Political season is officially over in Puerto Rico, as of last Tuesday evening. The island has a new governor, and the city has a new mayor. Though I don’t have cable (and so missed out on any political commercials) and I felt pretty far removed from the Obama/Romney race, I experienced my share of political campaigning. I will not miss the rousing tune of “Con Eduardo estoy yo…” in the streets (though people still tend to sing it to themselves once in a while…it’s pretty catchy). Nor will I miss the blaring political parades that stopped traffic and sometimes made concentrating while in the house impossible.
But there was some good that came to us because of the mayoral election in Guayama, I must admit.

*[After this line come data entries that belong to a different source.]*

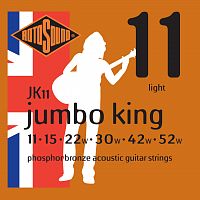ROTOSOUND JK11 STRINGS PHOSPHOR BRONZE струны для акустической гитары, покрытие фосфорированная бронза, 11-52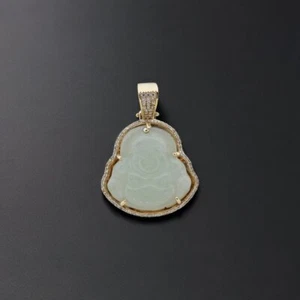 14k Yellow Gold Buddha Pendant Jade CZ Natural Gemstone 13.4g 1.74 1.26 - Picture 1 of 8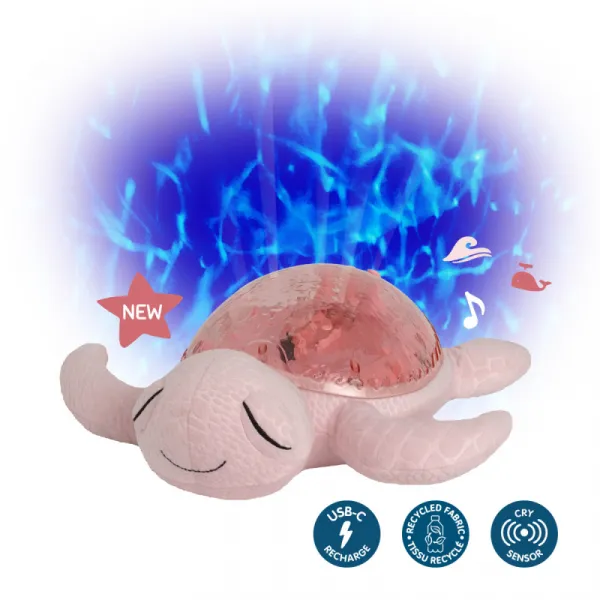 Cloud b® Tranquil Turtle™ - Nočné svetielko s melódiou, Korytnačka, ružová CLTT-9001-PK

For weeks, my seventh grade students had been telling me that the mayor of Guayama had promised to give them all tablets. As in the mobile mini-computer kind of tablets. One student came in with the case for his tablet and showed me proudly. I, however, had heard nothing about this from anyone other than the students, and it sounded pretty far-fetched to me. I got a little nervous noticing how high their hopes were set.

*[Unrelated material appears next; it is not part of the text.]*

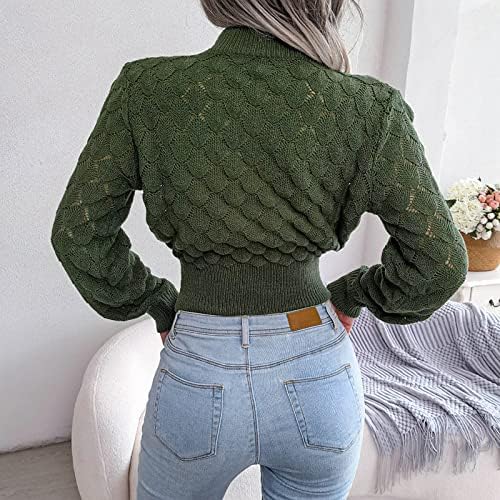 Ženski džemperi za usjeve Trendi kornjača s dugim rukavima Kršavi pleteni džemper Tops Solid Color Casual pletena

And then, on November 1st, a last-minute staff meeting was called after school. Our principal opened with something along the lines of, “I’ve just been informed of this, and I have no control over it. If you want to vent your concerns to me after the meeting, you certainly can.” The group tensed.
Turns out, the rumors were true. The mayor of Guayama was coming to the school the next morning to give out the tablets. Of course, they were not to be simply delivered to each homeroom. She required a full-school assembly, at which each student would be called by name to receive their tablet and then take a photo. The mayor said she’d be there at 8am. But the last time she’d visited a class at our school, she’d been nearly 2 hours late. Our principal wasn’t sure whether she’d require both elementary and middle/high school to be in the assembly at the same time or not. Long story short: we could potentially lose an entire class period or more to the production, and we’d have the task of keeping our students orderly through a long, hot, boring, and quite frankly, pointless assembly. Because yes, all students and teachers would receive a tablet.

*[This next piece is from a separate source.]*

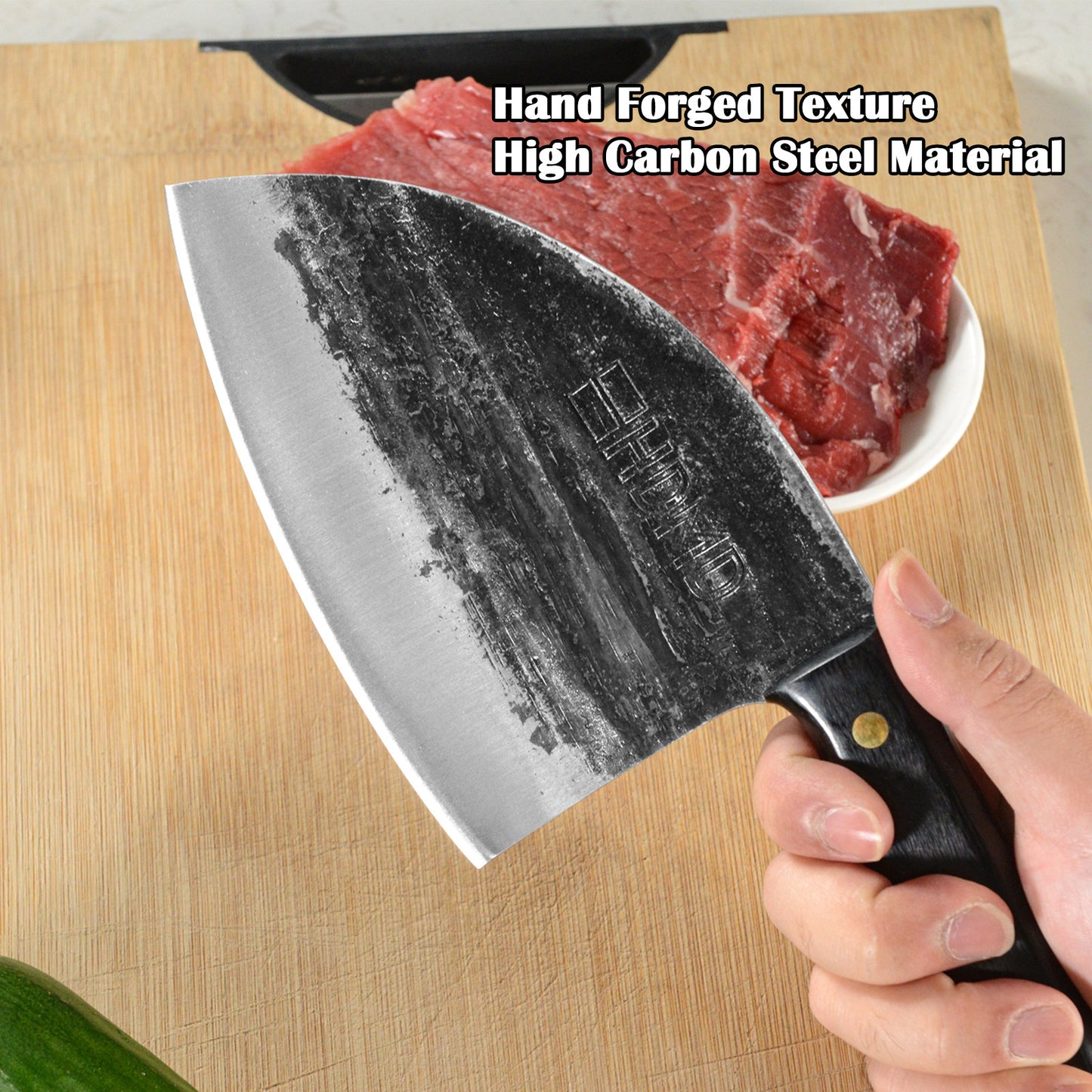 HDMD Cleaver Knife Meat Cleaver Knife For Meat Cutting, Real Hand Forged Knife High Carbon Steel Knife, Butchers Knife Meat Knife For Home And Outdoor Camping, BBQ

Wait wait wait… TEACHERS TOO?!?!
Okay. I think we can handle a messed-up schedule for a day.
And we did. As it turned out, we ended up only missing about 45 minutes of the last period of the day, which is the longest period anyway, so I still had an hour with my class. The assembly was quite organized and efficient, really. The only confusion came in wondering when class would begin again, as students were dismissed from the assembly to go straight to lunch, but lunch started late because of the assembly. No one told students or teachers what time class would begin again. But it all worked out.
So now I’ve got a new toy. And all of my students have a new toy. And despite the questionable politics behind the gift (The mayor spent $2 million dollars and students coincidentally received their tablets the week before the election. Hmm…), the educational possibilities really ARE quite exciting. (As long as every teacher doesn’t try and use the tablets on the same day and the school’s internet doesn’t crash under the strain. But so far that hasn’t been a problem.)
Oh, and the mayor up for re-election? She lost, despite her expensive gift to the students and educators of her city. I wonder if a thank-you note from my students and I would make her feel better?